The bet behind Tyme's approach is that the operating model it developed in South Africa (digital accounts combined with physical kiosks in retail stores such as Boxer, Pick n Pay, and TFG) translates to other emerging markets with similar consumer banking behavior. Indonesian retail banking has very different characteristics from South African retail banking, but the hybrid digital-plus-physical onboarding model is a real innovation worth testing in multiple geographies.
Nigeria is where neobank competition is sharpest. Beyond Kuda, FairMoney, and Carbon, the Nigerian digital banking field includes Moniepoint (Nigeria's first digital banking unicorn, processing over 800 million monthly transactions and raising a USD 110 million round with dual SME and personal banking focus), PiggyVest (primarily a savings-led platform with over 7 million users by 2024), VFD Microfinance Bank, Mint, Sparkle, and Sofri. The Central Bank of Nigeria maintains approximately 874 operational microfinance banks, though not all are fully digital. In the May 2024 license revocation round, the CBN revoked 179 microfinance licenses, demonstrating that the regulatory environment is now actively pruning underperforming operators.

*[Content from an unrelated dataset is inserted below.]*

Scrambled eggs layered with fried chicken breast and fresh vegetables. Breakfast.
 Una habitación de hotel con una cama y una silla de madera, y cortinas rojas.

The Nigerian digital banking sector reached an important scale milestone in 2024, with around 60 percent of Nigerians participating in digital payments and total electronic transaction value reaching a record NGN 1.08 quadrillion. Approximately 82 percent of Nigerian banking customers aged 18 to 34 now rely on mobile banking as their primary channel. These are the conditions under which a neobank can credibly compete for primary banking relationships.
Three things. First, whether Kuda's upgraded national banking license translates into a material step-up in deposit gathering, or whether the compliance costs of the new license compress the unit economics that made Kuda competitive. Second, whether FairMoney's aggressive pan-African bank ambition materializes into actual operations in multiple countries, or whether it remains a Nigerian microfinance bank with international branding. Third, whether Tyme Group's Indonesian and Hong Kong expansions generate revenue growth that justifies the capital deployed, or turn into drag on the group's core South African business.
The longer-term observation is that African neobanks have completed the first phase of their story (building digital-first consumer experiences that traditional banks could not match) and are now in the harder second phase (becoming real banks with real balance sheets, real regulatory obligations, and real competition with the commercial banks they originally set out to disrupt). The companies that survive this phase will look less like Silicon Valley consumer fintechs and more like mid-sized emerging market banks with good technology. That is a less exciting story than 2021 venture capital pitched. It is also a more durable one.
This report draws on CB Insights Fintech Predictions 2026 report cited by Technext24 and NewsOnline Nigeria (March 2026); TechCrunch analysis "Despite glimmers of profit, most African neobanks remain in the red" (January 2024); The Condia's "Top 7 digital banks in Nigeria" analysis (October 2025); Wikipedia entry on Kuda Bank for the December 2025 microfinance license and subsidiary operations; and reporting from Afrobility Podcast on FairMoney and Carbon business models.